Lörincz ML, Geall F, Bao Y, Crunelli V, Hughes SW - PLoS ONE (2009)

Bottom Line: This ISO is a neuronal population phenomenon which modulates faster gap junction (GJ)-dependent network oscillations, and can underlie epileptic activity when AchRs or mGluRs are stimulated excessively.In individual thalamocortical neurons the ISO is primarily shaped by rhythmic, long-lasting hyperpolarizing potentials which reflect the activation of A1 receptors, by ATP-derived adenosine, and subsequent opening of Ba(2+)-sensitive K(+) channels.We argue that this ISO has a likely non-neuronal origin and may contribute to shaping ISOs in the intact brain.

View Article: PubMed Central - PubMed

Affiliation: School of Biosciences, Cardiff University, Cardiff, UK.

ABSTRACT
An increasing number of EEG and resting state fMRI studies in both humans and animals indicate that spontaneous low frequency fluctuations in cerebral activity at <0.1 Hz (infra-slow oscillations, ISOs) represent a fundamental component of brain functioning, being known to correlate with faster neuronal ensemble oscillations, regulate behavioural performance and influence seizure susceptibility. Although these oscillations have been commonly indicated to involve the thalamus their basic cellular mechanisms remain poorly understood.
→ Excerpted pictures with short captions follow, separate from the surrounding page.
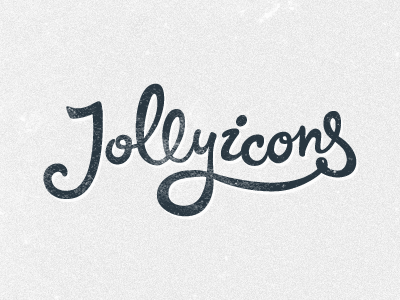 Jolly Icons Logo — draft 1 hatchers icons jolly lettering logo script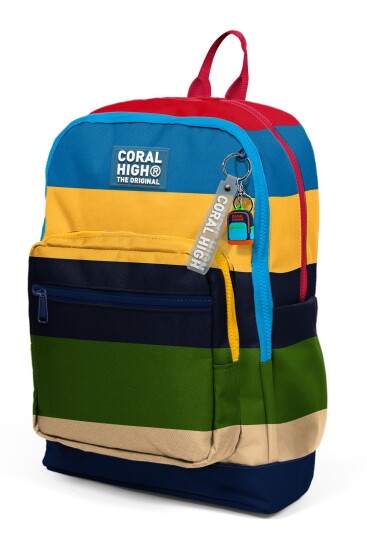Coral High Kids Lacivert Sarı Kırmızı Çizgi Desenli Okul Sırt Çantası 33212 - 6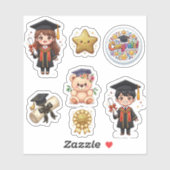 Cute Kawaii Graduation Chibi Boy and Girl Sticker  シール (シート)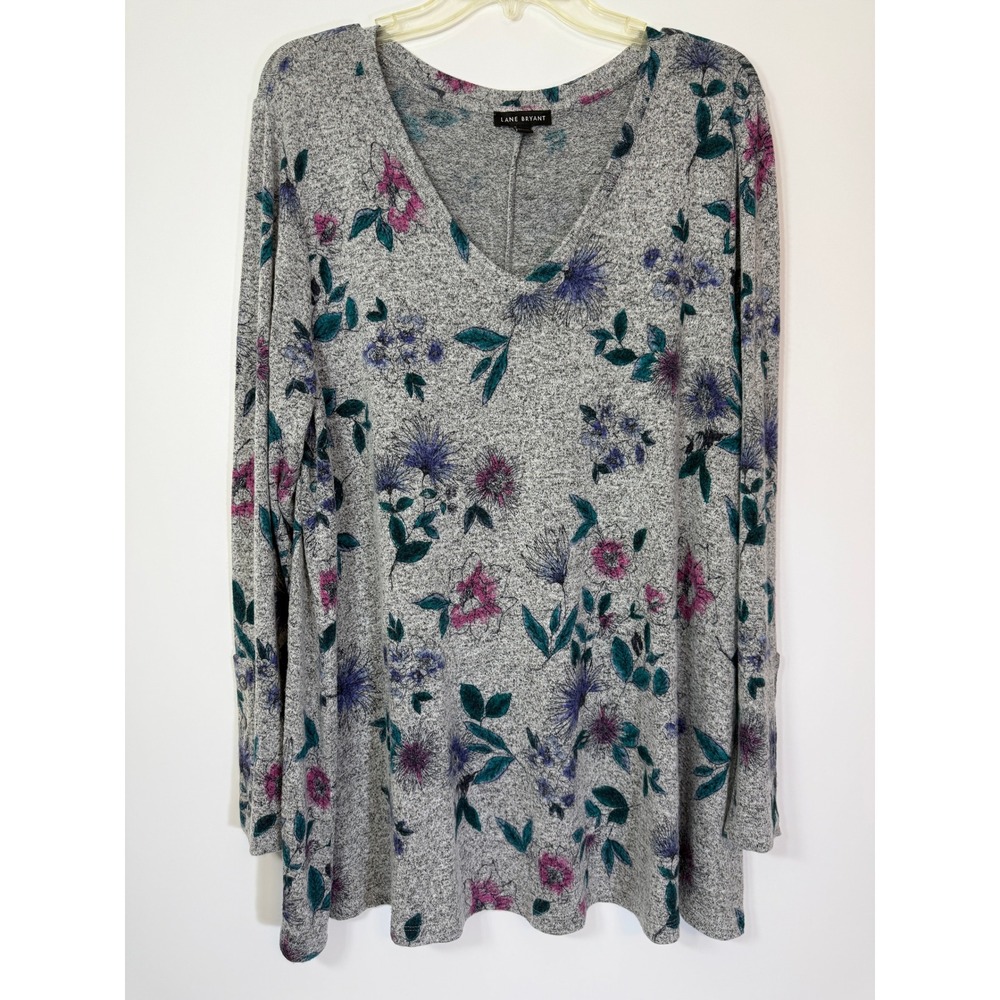 Lane Bryant Tunic Sweater Plus 18 20 Grey Purple Floral V-Neck Grommet Cuff Work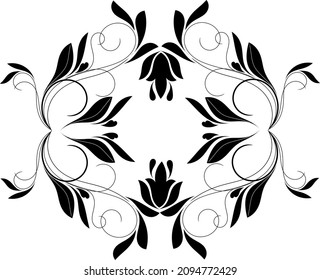Beautiful vector rich luxurious decorative black floral vintage ornaments or vine curls design.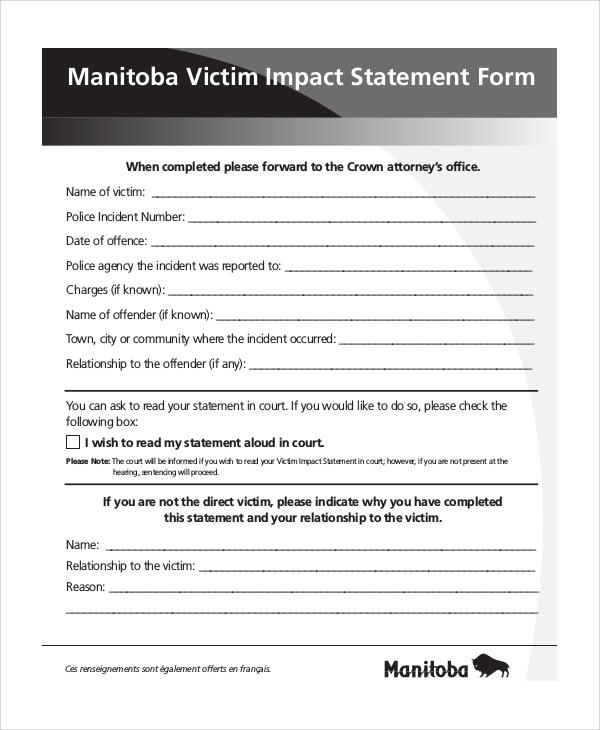victim impact statement form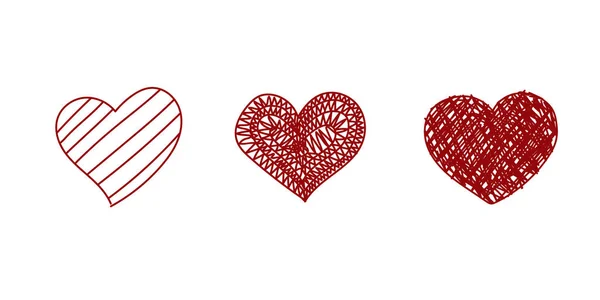 Ensemble de contour dessiné à la main icône coeur . — Image vectorielle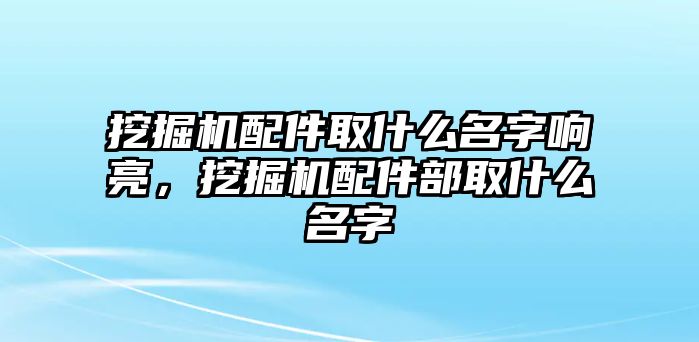 挖掘機配件取什么名字響亮，挖掘機配件部取什么名字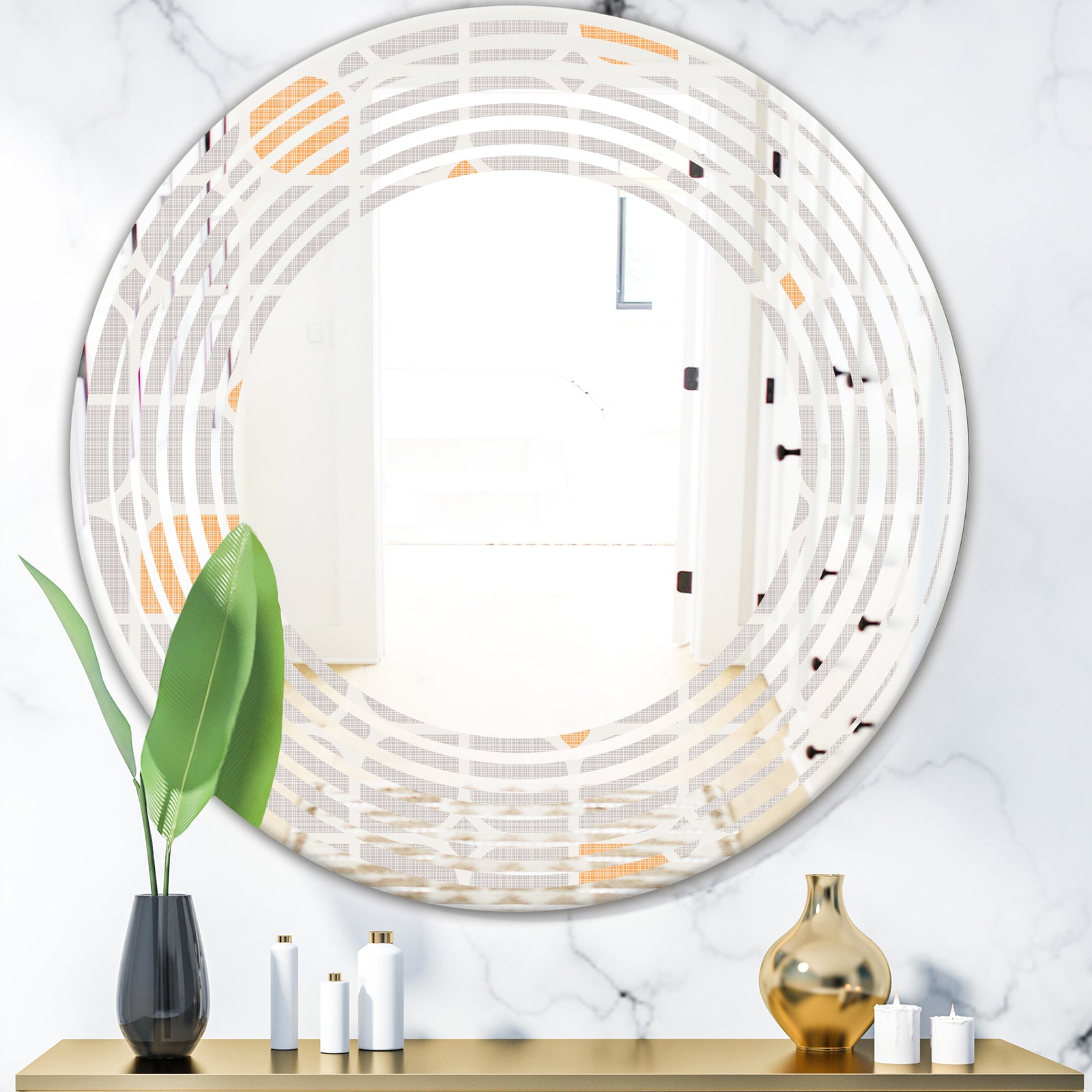 Retro Geometrical Pattern II - Modern Round or Oval Wall Mirror - Wave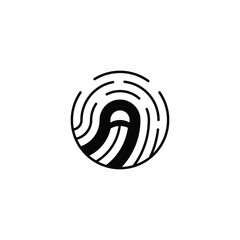 Minimal Security Logo Fingerprint logo A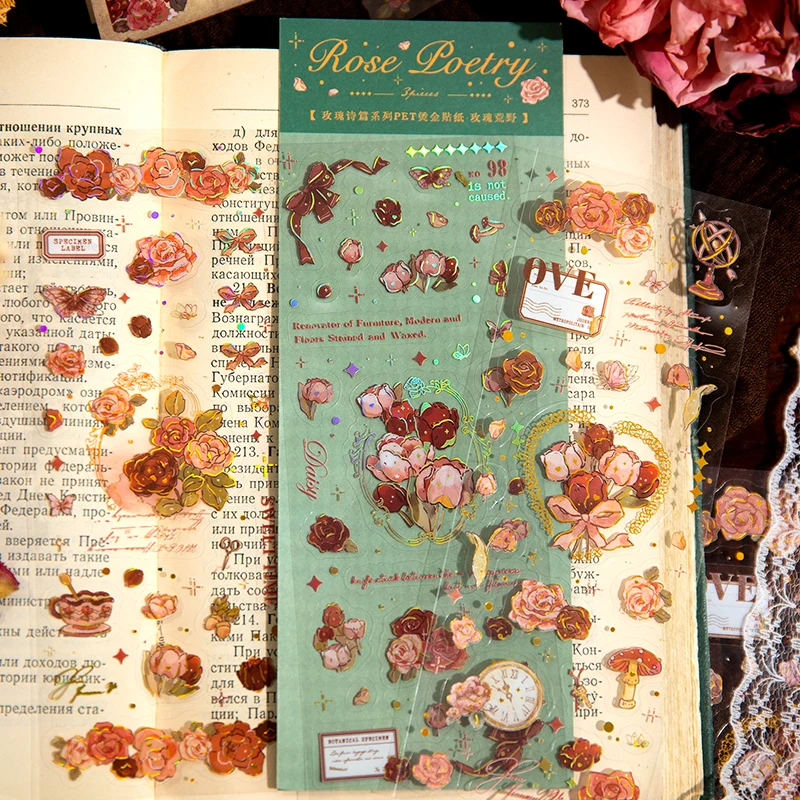 Cute Rose Theme Gold Stamping Stickers Decor Laptop Phone Aesthetic Journaling Art Hand Account DIY Collage Material For School
Cute Rose Theme Gold Stamping Stickers Decor Laptop Phone Aesthetic Journaling Art Hand Account DIY Collage Material For School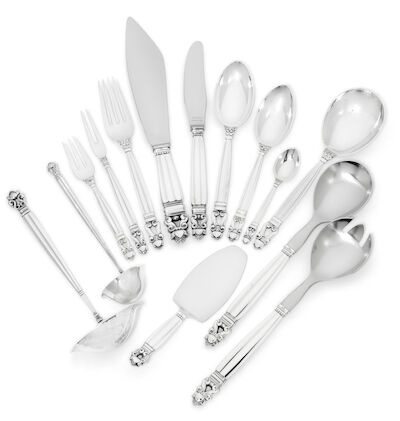 Johan Rohde: "Acorn". Sterling silver cutlery. Georg Jensen after 1945. Weight excluding pieces with steel 4322 g. (131) "Acorn". Sterling silver cutlery. Georg Jensen after 1945. Designed 1915. Weight excluding pieces with steel 4322 g. (131)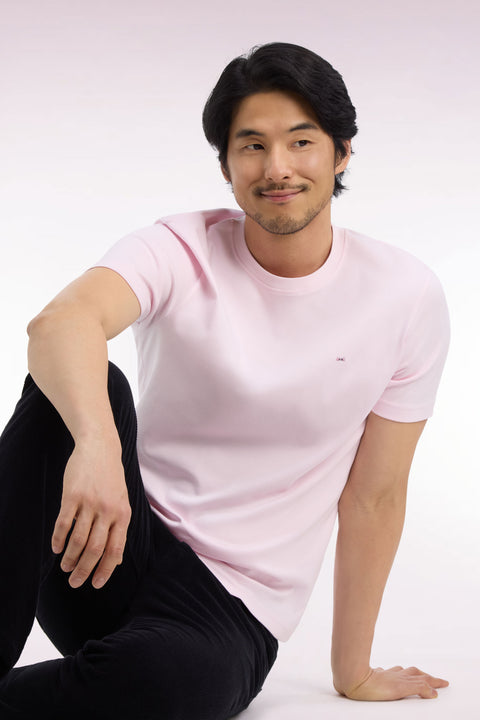 T-shirt manches courtes en coton rose coupe droite - Image 1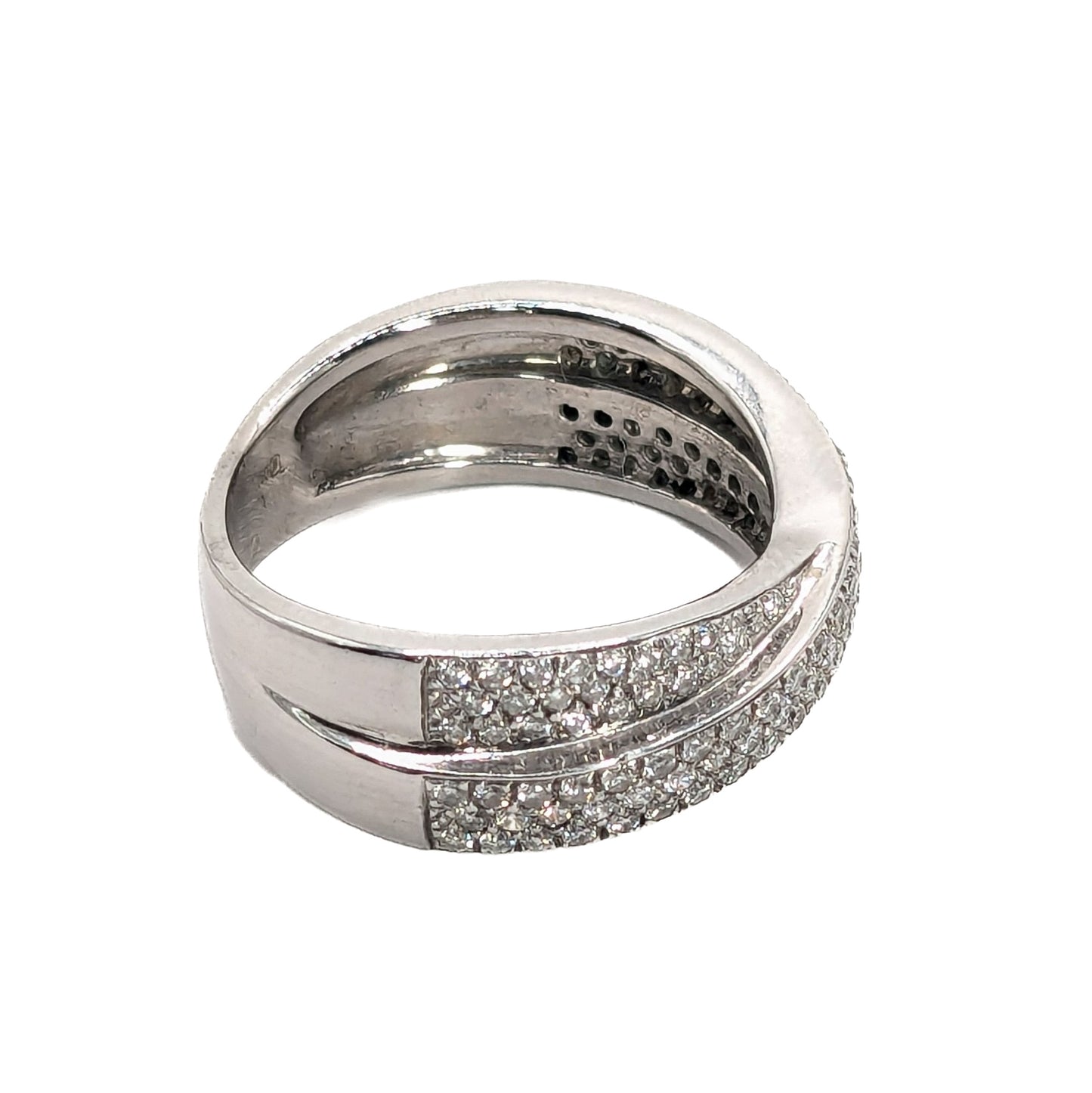 18ct White Gold Diamond Pave Set Crossover Ring Pre-Loved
Here we show that various nuclei in the dorsal thalamus in vitro can express a robust ISO at approximately 0.005-0.1 Hz that is greatly facilitated by activating metabotropic glutamate receptors (mGluRs) and/or Ach receptors (AchRs). This ISO is a neuronal population phenomenon which modulates faster gap junction (GJ)-dependent network oscillations, and can underlie epileptic activity when AchRs or mGluRs are stimulated excessively. In individual thalamocortical neurons the ISO is primarily shaped by rhythmic, long-lasting hyperpolarizing potentials which reflect the activation of A1 receptors, by ATP-derived adenosine, and subsequent opening of Ba(2+)-sensitive K(+) channels. We argue that this ISO has a likely non-neuronal origin and may contribute to shaping ISOs in the intact brain.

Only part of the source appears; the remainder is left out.